Originally The Jayhawks had two singer-guitarists, Mark Olson and Gary Louris, but Olson quit in 1995, upping sticks to Joshua Tree, CA with his new wife Victoria Williams. I never got to see the twin-pronged Jayhawks live. I seem to remember that they played a London gig the day before my English A-Level.
Mark Olson's new album, The Salvation Blues, is his first proper solo record and sits comfortably alongside his albums with The Jayhawks. After leaving that band he formed The Original Harmony Ridge Creekdippers with his wife and released a solid run of A-grade twang. However, that marriage ended a year or so ago and this new record is the sound of Olson reasserting himself.
Wednesday's all too short set drew heavily from The Salvation Blues, plus three old favorites from The Jayhawks' classic Tomorrow The Green Grass and a handful of Creekdippers tunes. Olson's small continental band comprised a sprightly Italian, Michele Gazich, on fiddle and double bass and a Norweigian, Ingunn Ringvold, playing percussion and keyboards.

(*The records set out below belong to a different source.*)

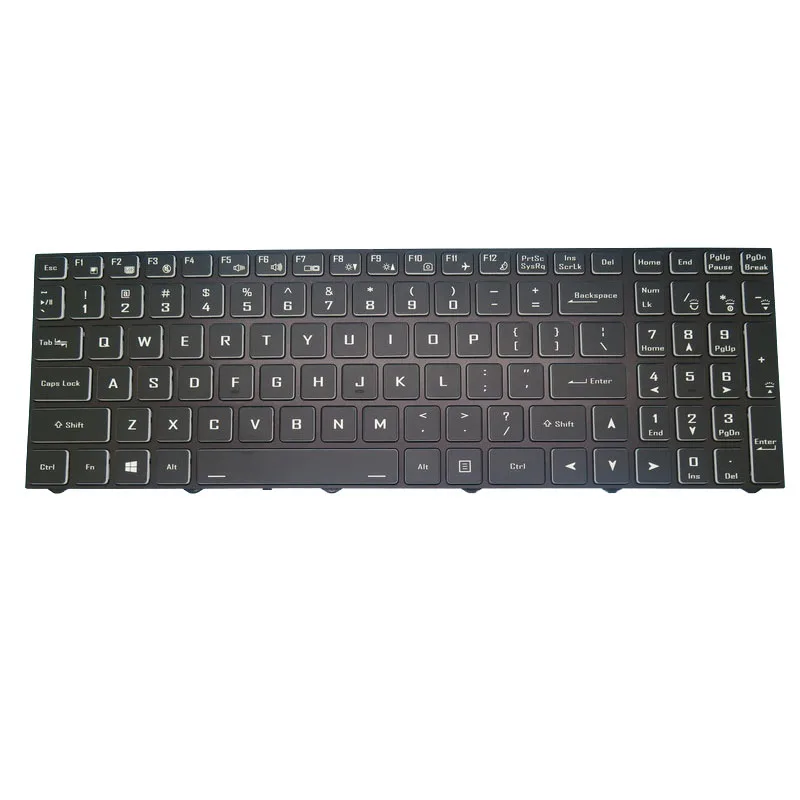 Laptop Keyboard For Eurocom For Nightsky ARX15 ARX315 English US Black With Backlit New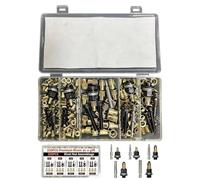 Lot de 320 écrous à rivets filetés en acier au carbone avec mandrin | Outils de jeu d'écrous à rivets aveugles pour meubles, appareil, armoire électrique, travail du métal
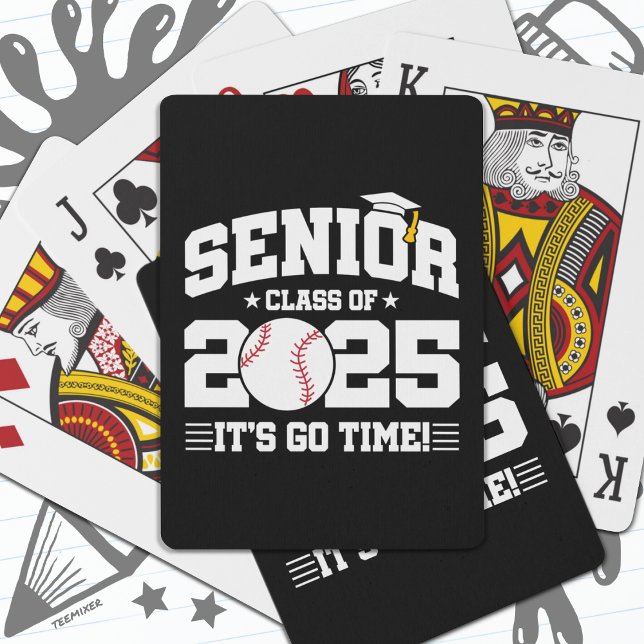 Baseball Team Class of 2025 Graduation Senior 2025 Poker Cards (Creator Uploaded)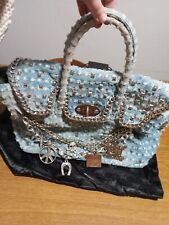 Borsa jeans con usato  Due Carrare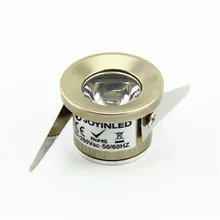 Светодиодный потолочный светильник супер яркий светодиодный встраиваемые панели светодиодный потолочный светильник с фокусным расстоянием 25 мм с резным узором 1 W Светодиодный прожектор светодиодные украшения потолочный светильник AC90-260V DC12V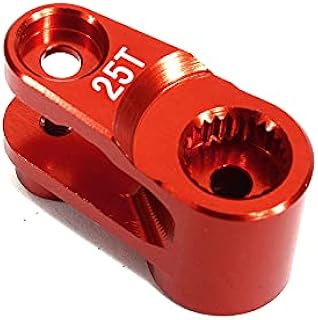 Integy RC Model C30595RED Billet Machined Servo Arm for Traxxas 1/10 Maxx 4S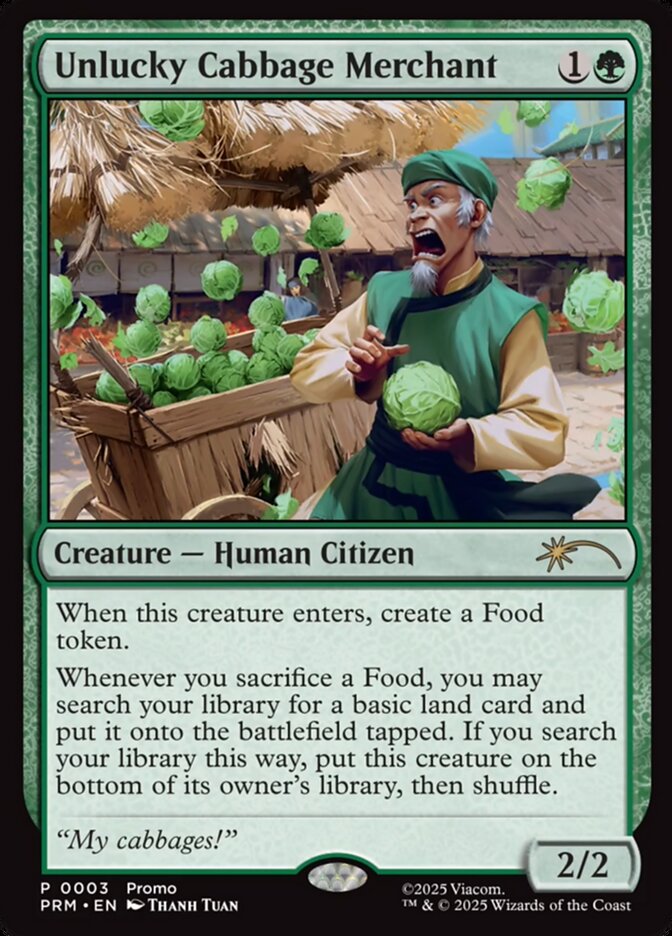 Unlucky Cabbage Merchant (15) - Wizards Play Network 2025 (PW25)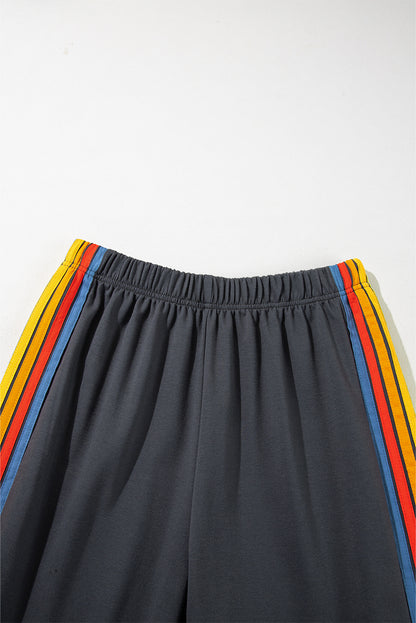 Light Blue Counting Rainbows High Waist Sweatpants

They sounded terrific and though not exactly chatty Olson seemed to be having a good time. Much of The Salvation Blues was written in the UK so it's also entertaining to hear references to the Clifton Suspension Bridge and National Express coaches in such rich slices of Americana.
Gary Louris and Mark Olson have recently recorded an album together, due out some time next year (after Louris' first solo LP) and they're hoping to tour together next Autumn. I can't wait.